1. I frequently dream that I look different than I actually do. Last night I dreamed I was a very short, very overweight woman who wore white pants and sandals and painted her toenails. I was living in Africa with my new husband and his many children, who were in high school and older. It was somewhat stressful.
2. I once had a temp job where I was recruiter (or as they are more commonly called, a headhunter) making cold calls to department store buyers to steal them away to a department store chain that is now defunct. I did this for $7.25 an hour and no benefits. I now find it somewhat difficult to call people, even friends.

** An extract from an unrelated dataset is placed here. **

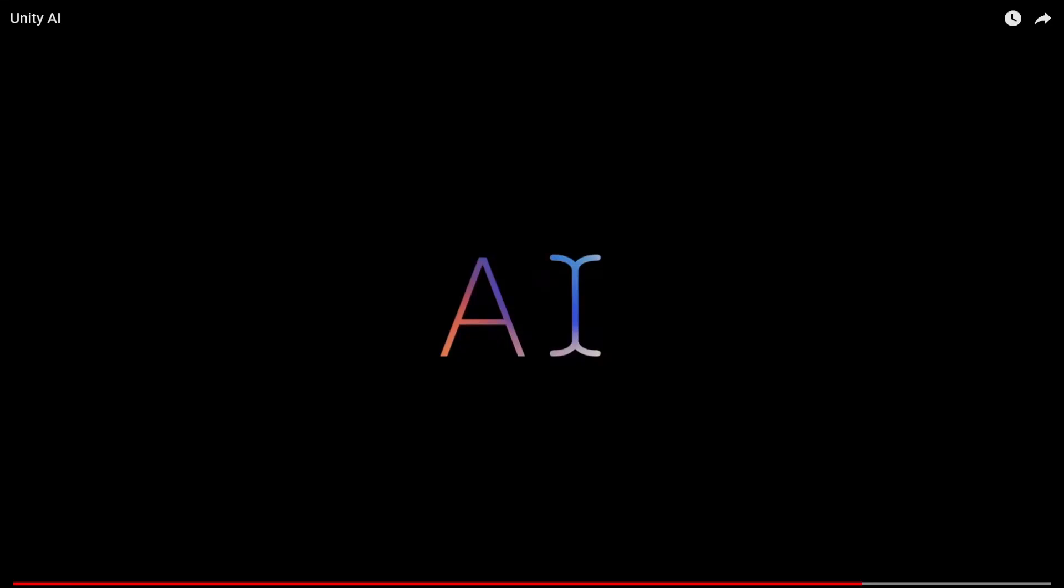What is going on fellow game developers? Now I'm doing a video I don't normally do, and that is a news or update announcement video. Unity have just announced they are going to be creating an AI or potentially releasing an AI system for Unity itself, built into Unity.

3. When I was a kid, I played with Barbies. Actually, I preferred Skipper because she seemed to have a much better handle on the whole eye shadow thing. What I liked to play best was "After the Nuclear Holocaust" which took place, as you would expect, post
apocalyptically, when radiation has made people have mutant powers. When I could get someone to play with me, we would use our dolls and my
Bryer horses, and make the dangerous trek across the basement and up the mountainous stairs, surrounded everywhere by dangers. This did not involve Ken, cars,
dreamhouses, or even Barbie clothes, since after the nuclear holocaust you will have to make your own clothes.
4. I sometimes have
hypnagogic hallucinations. I warned Bob before I married him. These are a sort of waking dream. For me they seem to involve two senses--say vision and touch, or vision and sound. One night, about a year after we had been married, I got out of bed, waking Bob up. He asked me what was wrong. I explained to him--I was awake and understood him
perfectly--that there were spiders in the bed. He paused and then said carefully, 'How big are they?' I told him they were saucer-sized. He told me it was a
hypnagogic hallucination. This seemed really reasonable to me, but since I had felt them, I told him I would have to turn on the light. Turning on the light breaks the experience. It did, and I could get into bed and go to sleep.

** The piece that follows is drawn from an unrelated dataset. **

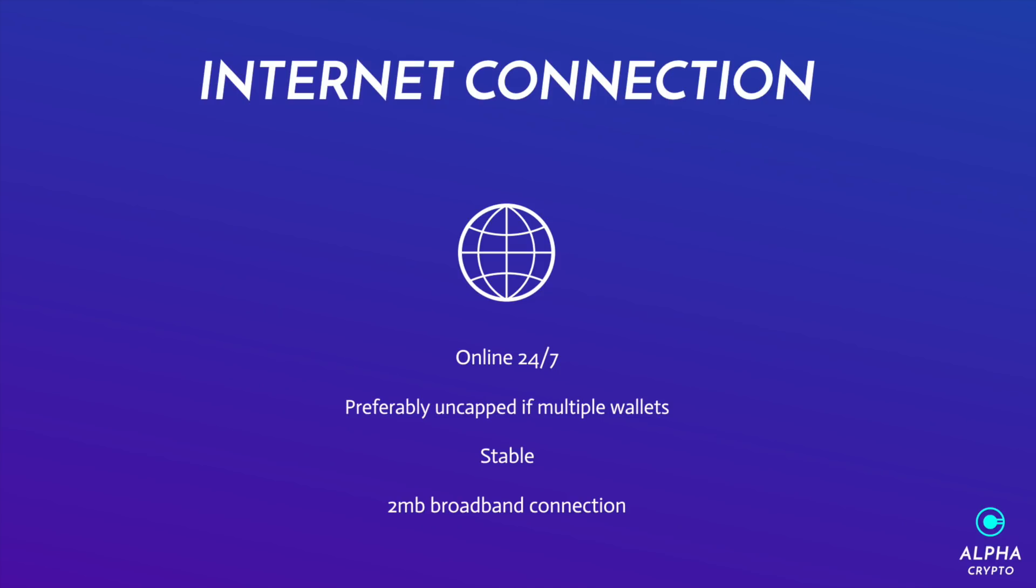So for the internet connection, you need to make sure it's online 24/7, preferably using an uncapped connection. Actually, I say preferably, actually it's very recommended that you use an uncapped internet connection for multiple wallets. It also has to be very stable as well, so no disconnects at certain times. And wallets don't really need an extremely fast broadband connection. They can make do with a one or two meg broadband connection, it's fine.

5. My grandparents were all born sometime in the 1880's and '90's and I am only the fourth generation since the Civil War.

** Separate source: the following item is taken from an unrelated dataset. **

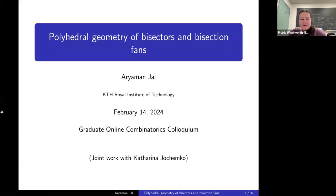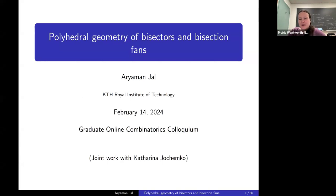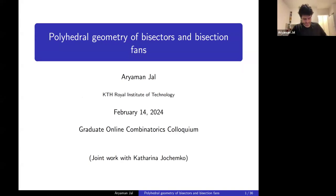Welcome everyone to our next GOCC seminar. Today, Ariman Jalla is going to be telling us about polyhedral geometry of bisectors and bisection fans. Before we get started, I want to remind you of our community agreement: we are all learning, everyone has something to contribute, and no one has all the answers, not even the speaker. Ariman, you're welcome to get going. Thanks a lot, Prairie, and thanks to the GOCC organizers for having me.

6. In the last few years, I have lost a significant portion of my sense of smell. This is called
hyposmia, and in most cases, there is no known cause, although it can be caused by inflammation, head trauma or depression. A complete loss of the sense of smell is called
anosmia. Since a lot of what we think of as taste is actually smell,
anosmia can be be a profound experience.
Hyposmia, I can confirm, is sometimes annoying, but sometimes quite useful, especially when you have dogs.
I'm trying to think if there is someone who hasn't been tagged with this.
Tom Kasten at
Musing With Mud.
Walter Jon Williams at
Angel Station.
(If you would rather not post weird things, this tag is not meant to be binding.)